Categories
MusicMusic Features

Oh-OK, Love Tractor Keep Looking Forward

Love Tractor and Oh-OK are two bands inextricably linked by time and space—meaning, of course, that they both played hands-on roles in shaping Athens’ hallowed alternative rock scene at the dawn of the 1980s. Both groups shared practice spaces and stages and even brandished the mark of Atlanta’s DB Recs alongside the B-52s, Pylon and the Method Actors. But despite coming of age amid the same college town music scene, stylistically speaking, their sounds could not be more disparate.

There was a high cultural premium placed on individuality in those days, which propelled Athens’ music scene in intangible ways. The meandering rural melodies and atmospheric guitar textures of Love Tractor’s 1980 self-titled debut stand wholly apart from the stripped-down blasts of one and two-minute post-punk from Oh-OK’s 1982 Wow Mini Album. But it was within these differences that they found common ground.

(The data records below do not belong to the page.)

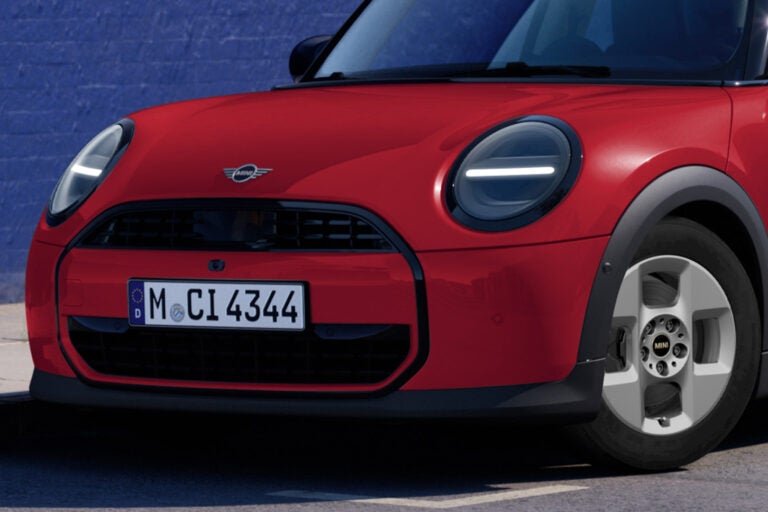 MINIクーパーCセレクト｜MINI Cooper C Select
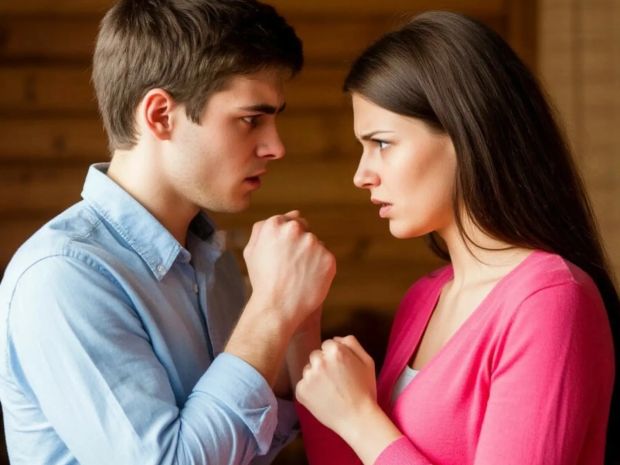 გულახდილი საუბარი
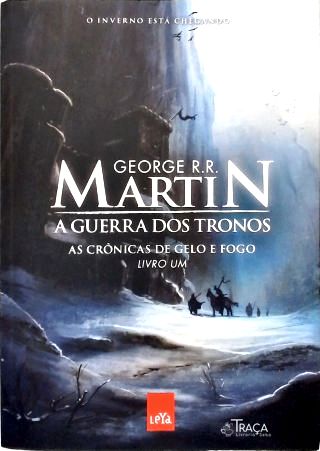 A Guerra dos Tronos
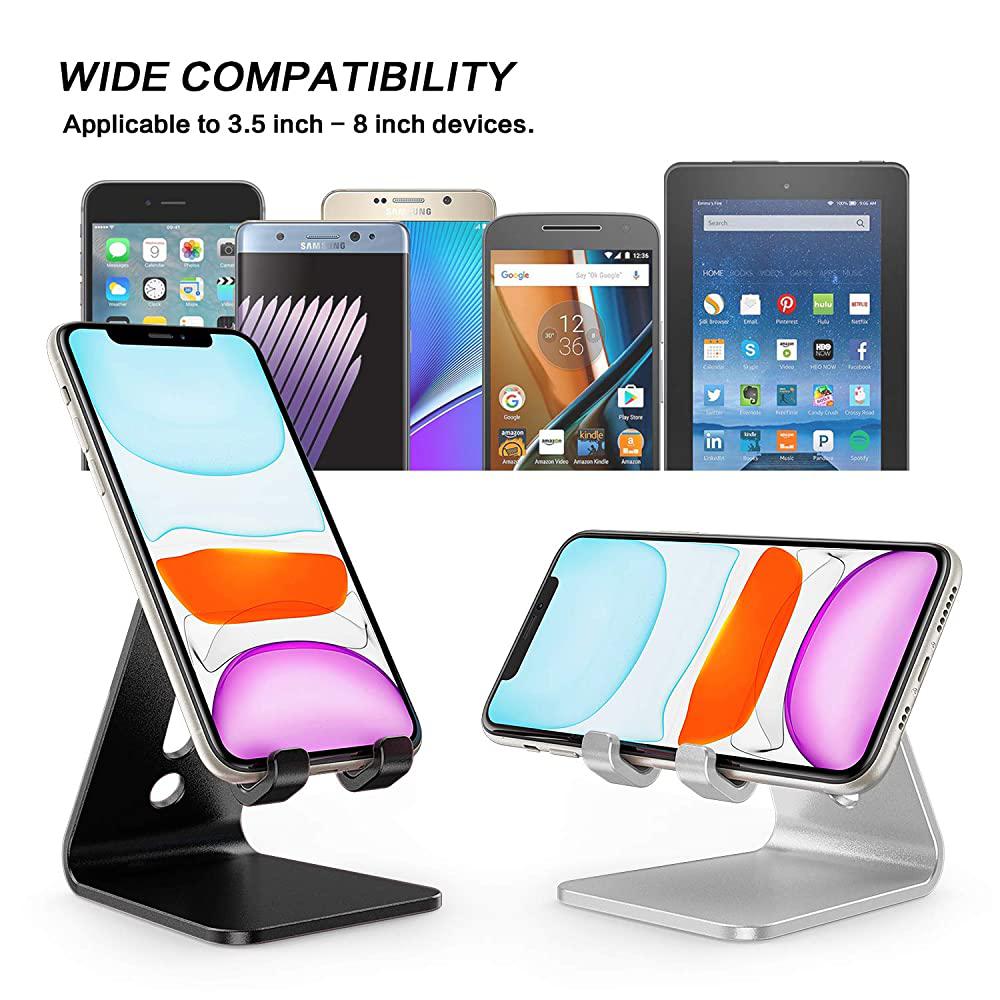 2 Pack Soporte Para Teléfono Con Soporte Para Celular img #4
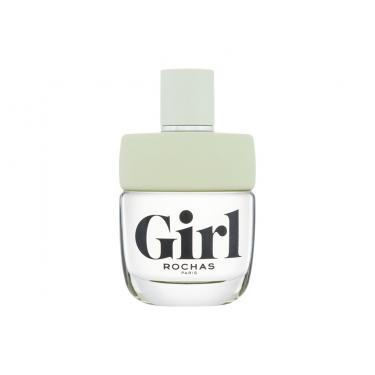 Rochas Girl   100Ml    Ženski (Eau De Toilette)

More importantly, says Oh-OK’s bass player and songwriter Lynda Stipe, “Beyond everything else, we were all friends. Sure, everybody wanted to party and stuff, but it was the mutual support that made that scene happen.”

Everyone knows Athens’ classic sound when they hear the regional drawl exuding from within every rhythm and note by the commercially successful acts of the era: R.E.M., Pylon and the B-52s. But it was the musical variety flourishing amid these groups that became a defining trait. 

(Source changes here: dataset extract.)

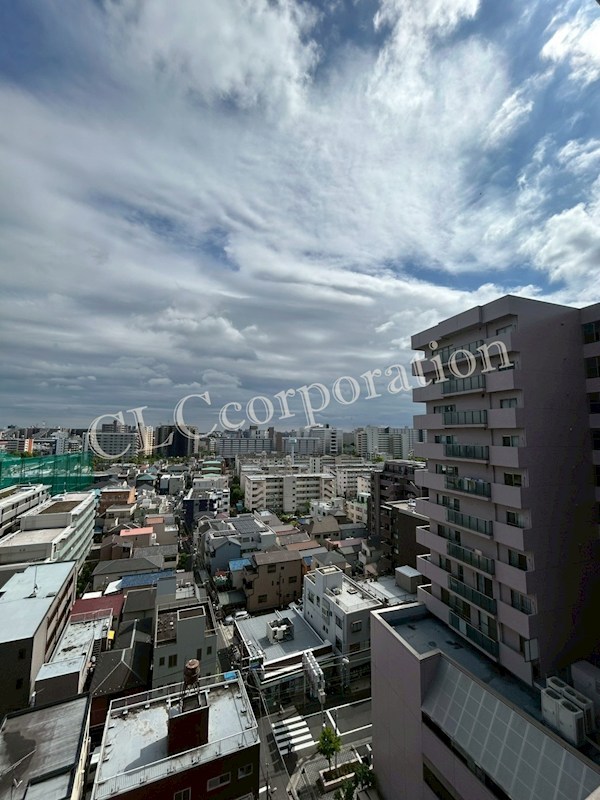 イトーピア大島ステーションコート その他5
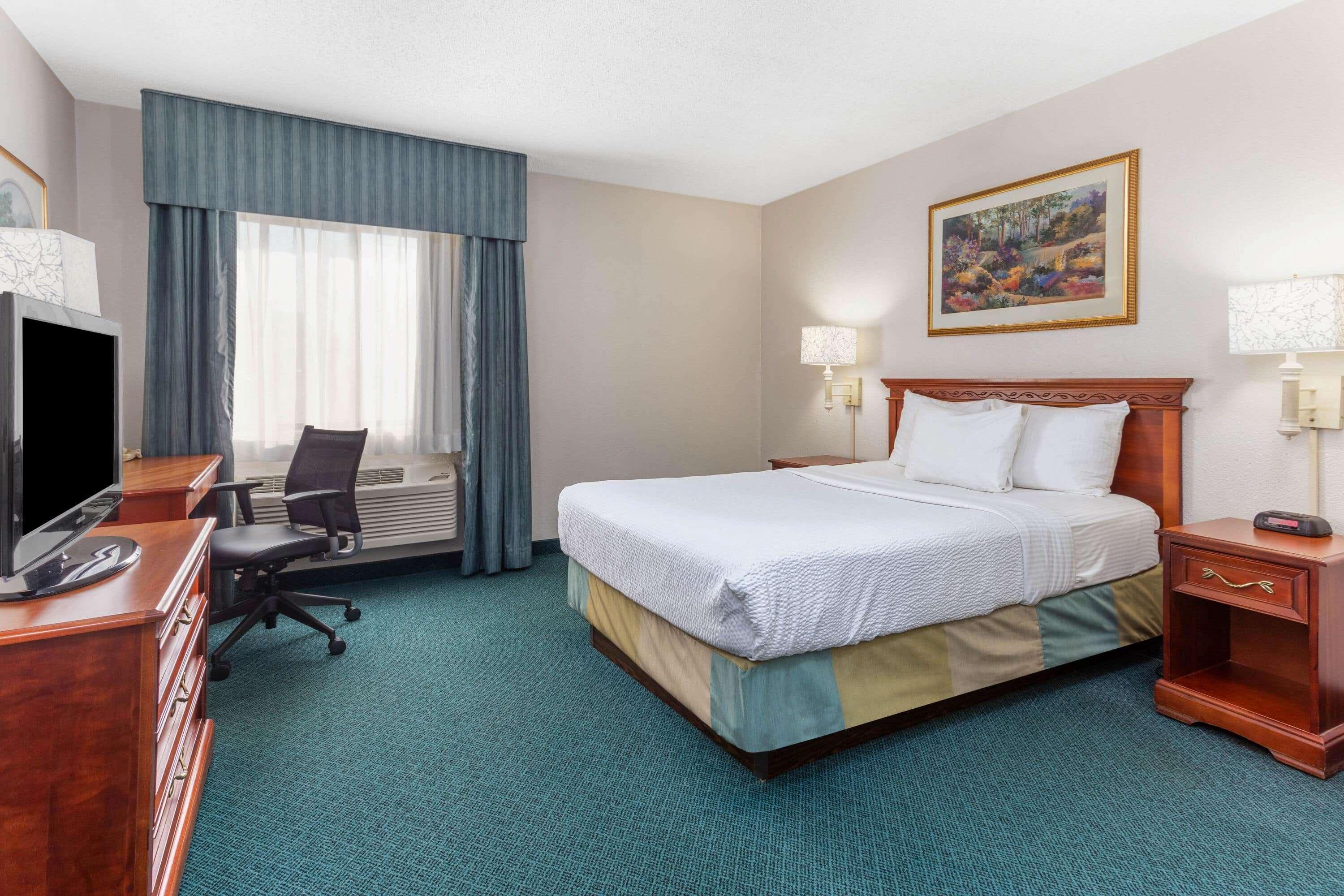 La Quinta By Wyndham Chicago Gurnee Hotel Екстериор снимка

“That’s the sort of thing that happens when you have kids from all over coming to town to attend the really great art school in Athens,” says Love Tractor’s co-founder and bass player, Armistead Wellford. “People pushed each other and encouraged each other to create something that was truly different.”

It was an environment that encouraged B-52s guitarist Ricky Wilson to flesh out his blend of alternately tuned surf-rock kerrang and no-wave abandon using only four strings, or Pylon bassist Michael Lachowski to develop his own music vocabulary using graph paper to visually compose his rhythms. “It was all very ebullient,” Stipe says, recalling how she developed her own visual writing style, similar to Lachowski, while plucking bass strings in her parents’ living room.

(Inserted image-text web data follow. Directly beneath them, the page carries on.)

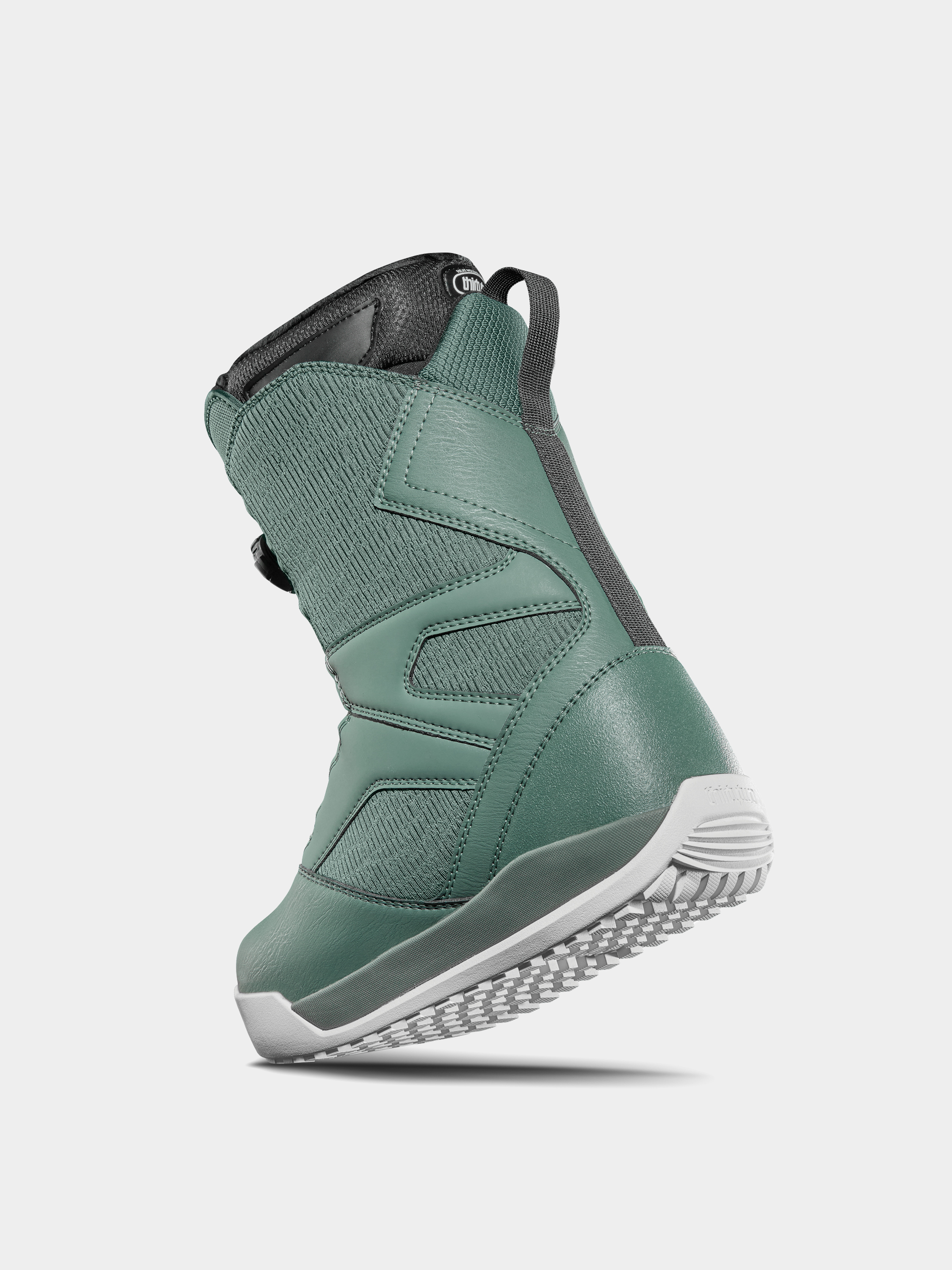 Dámské Boty na snowboard ThirtyTwo Stw Double Boa (green)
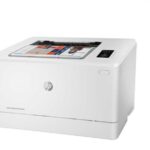 HP Colour LaserJet Pro MFP M150nw All-in-One Printer – Print, Scan, Copy, Wireless (PN: M150nw)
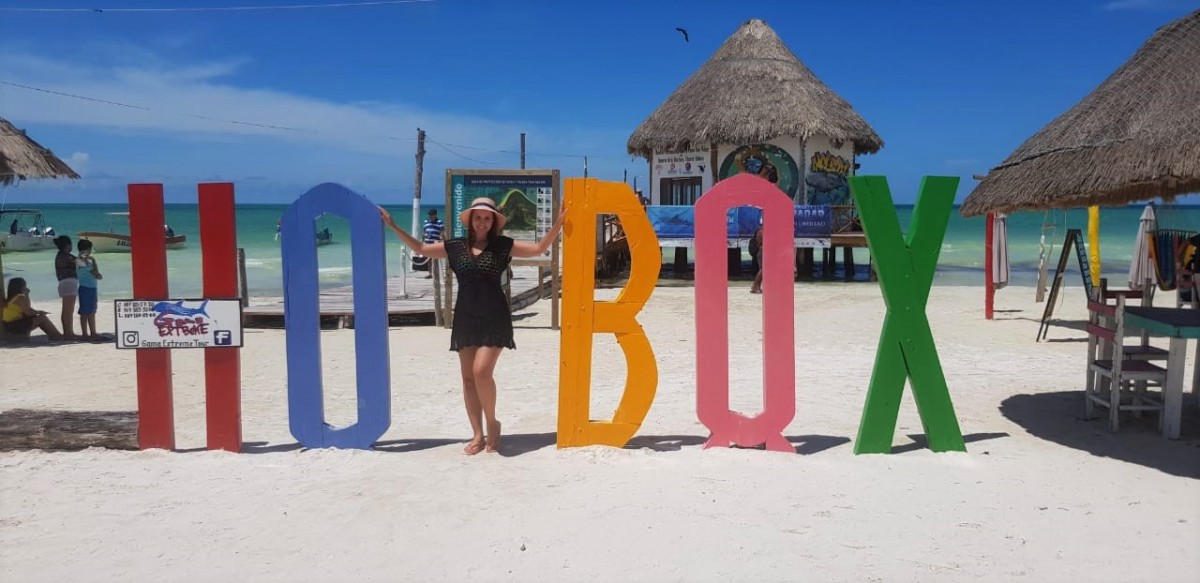 HOLBOX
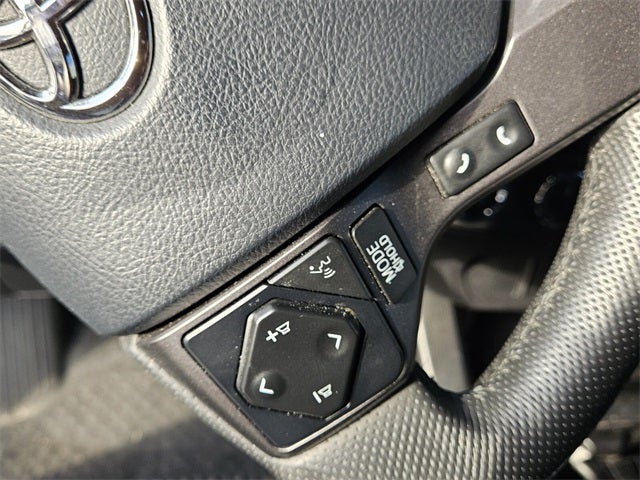 2020 Toyota Tacoma TRD Sport V6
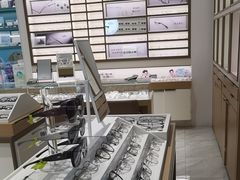 -宝岛眼镜·星创视光中心(金桥店)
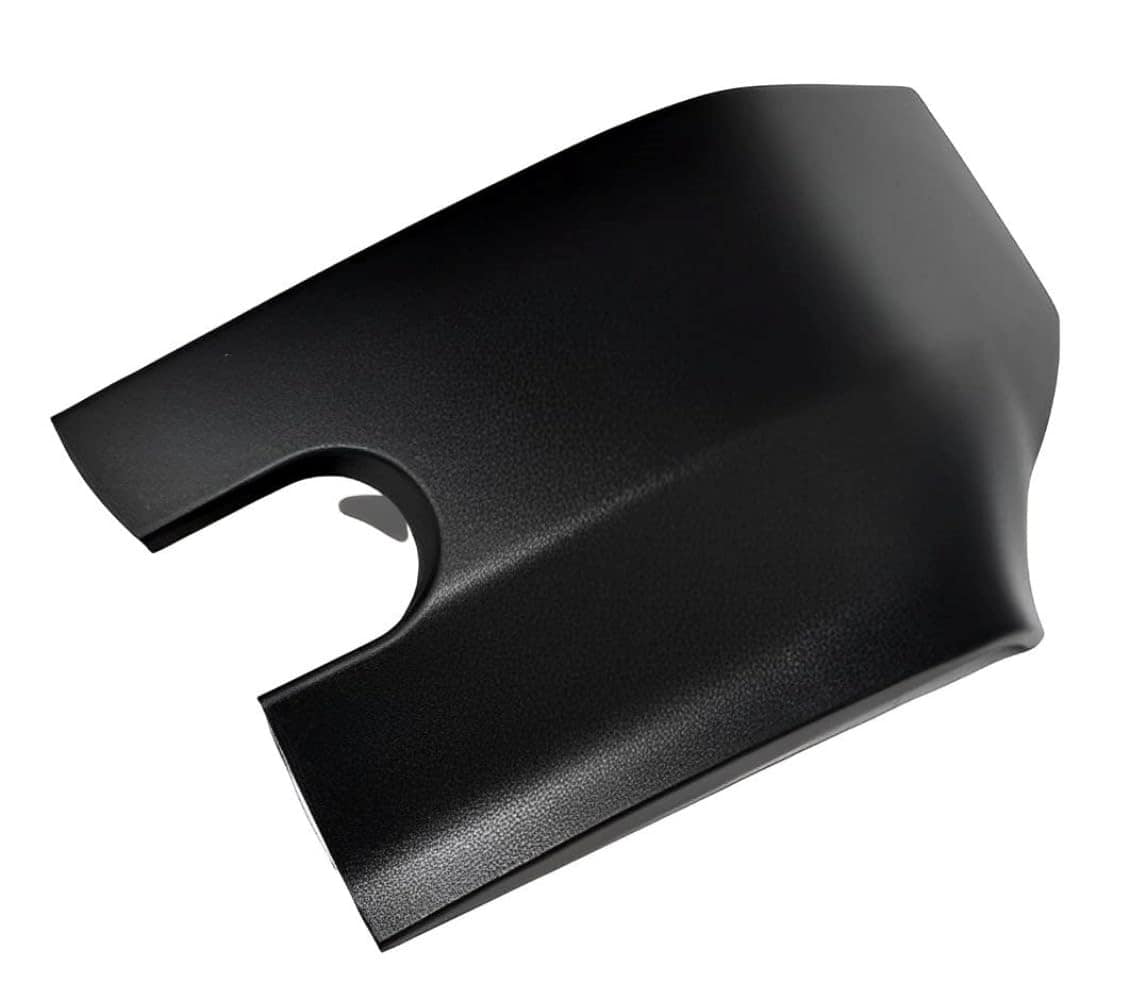 I-Match Auto Parts Moldura de extensión de guardabarros - Imagen 3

Stipe, who is the younger sister of R.E.M. vocalist Michael Stipe, goes on to say, “A lot of the music of the time sounds very unschooled, but that’s not to say that it’s not proficient—a lot of it was extremely proficient.”

The propulsive, minimal pop of early Oh-OK numbers such as “Lilting,” “Playtime” and “Choukoutien,” she says, were born out of diving into the music with no formal training. Still, she developed a singularly catchy sound that resonated with her fellow musicians, including Love Tractor’s Wellford. 

“I never quoted what Lynda was doing with my own playing—like, in Love Tractor’s ‘Fat Birds,’  you can hear it was inspired by the bass from Pylon’s ‘Volume,’ but it shows we were still trying to sound different,” Wellford says. “When I heard Lynda’s bass playing, it was exciting. It compelled me to pick it up and run with it from there.”

On Jan. 17, Love Tractor and Oh-OK once again share the stage at the 40 Watt. For this show, Love Tractor co-founders Wellford and guitarists Mark Cline and Mike Richmond are joined by former Glands drummer Joe Rowe and guitarist Doug Stanley. Andrew Carter will also join in on songs from the group’s 1987 LP This Ain’t No Outer Space Ship and ’88’s Themes From Venus. Expect a few guest appearances, as well, by the likes of former R.E.M. drummer Bill Berry and his son Owen, who play guitar on the group’s rustic cover of Kraftwerk’s “Neon Lights.”

“Bill has been taking care of us,” Wellford says. “He’s taken us under his wing. We’ve been practicing at his place outside of town, and he’s encouraging us to keep it together and to put on a proper Love Tractor show.”

Love Tractor is also working on a reissue of its self-titled debut LP, with plans for more music to follow.

The current version of Oh-OK finds original members Stipe and vocalist Linda Hopper reuniting with an expanded lineup featuring members of Stipe’s band Flash to Bang Time, as well as bassist Kay Stanton from Pylon Reenactment Society and Trish Whatley. “We have exploding bass player syndrome,” Stipe laughs. “Oh-OK was always supposed to be a bass army, so we’ll have one, two, three bass players on stage, depending on the song.”

It goes to show that the art school instinct to encourage each other and keep looking deep within themselves to craft music that is truly different still resonates loudly.